» TASK INPUTS:

--

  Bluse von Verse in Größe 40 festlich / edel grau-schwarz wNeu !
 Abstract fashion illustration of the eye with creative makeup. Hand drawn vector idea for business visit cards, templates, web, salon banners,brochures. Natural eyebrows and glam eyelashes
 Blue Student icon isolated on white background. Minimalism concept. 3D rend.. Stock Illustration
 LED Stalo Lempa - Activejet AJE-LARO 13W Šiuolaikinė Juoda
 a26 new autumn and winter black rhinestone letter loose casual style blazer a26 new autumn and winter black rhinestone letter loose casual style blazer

--

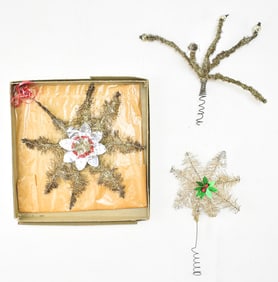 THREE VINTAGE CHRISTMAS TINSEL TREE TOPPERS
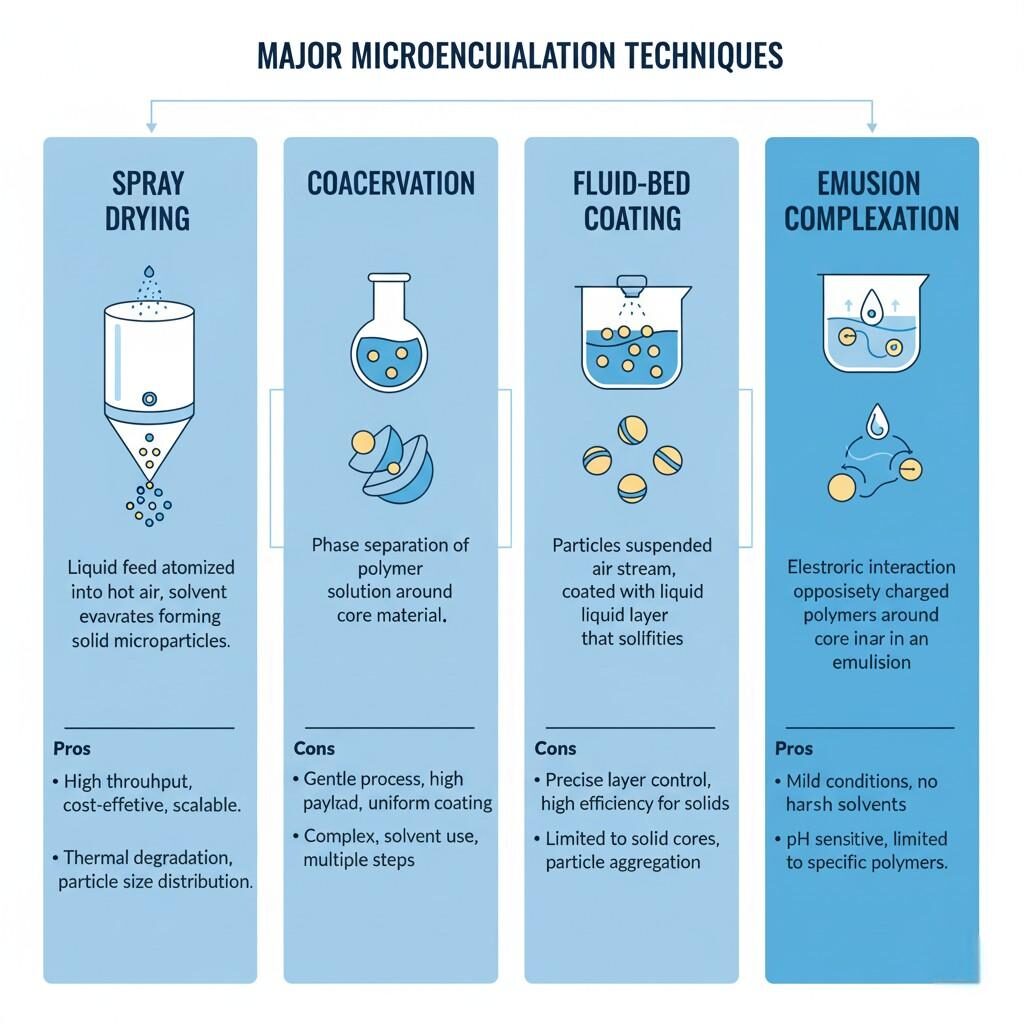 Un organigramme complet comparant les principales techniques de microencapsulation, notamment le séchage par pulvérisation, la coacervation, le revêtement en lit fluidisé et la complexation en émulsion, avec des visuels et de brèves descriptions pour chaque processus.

--

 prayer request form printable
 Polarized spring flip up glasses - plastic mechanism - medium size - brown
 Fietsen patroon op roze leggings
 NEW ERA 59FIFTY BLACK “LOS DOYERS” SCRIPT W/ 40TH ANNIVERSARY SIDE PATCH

--

» EXERCISE: Retype, in the same exact form, the lines of the material above from the line holding "LED Stalo Lempa" through the line holding "style blazer a26".

» SOLUTION FOR THIS EXERCISE:
 LED Stalo Lempa - Activejet AJE-LARO 13W Šiuolaikinė Juoda
 a26 new autumn and winter black rhinestone letter loose casual style blazer a26 new autumn and winter black rhinestone letter loose casual style blazer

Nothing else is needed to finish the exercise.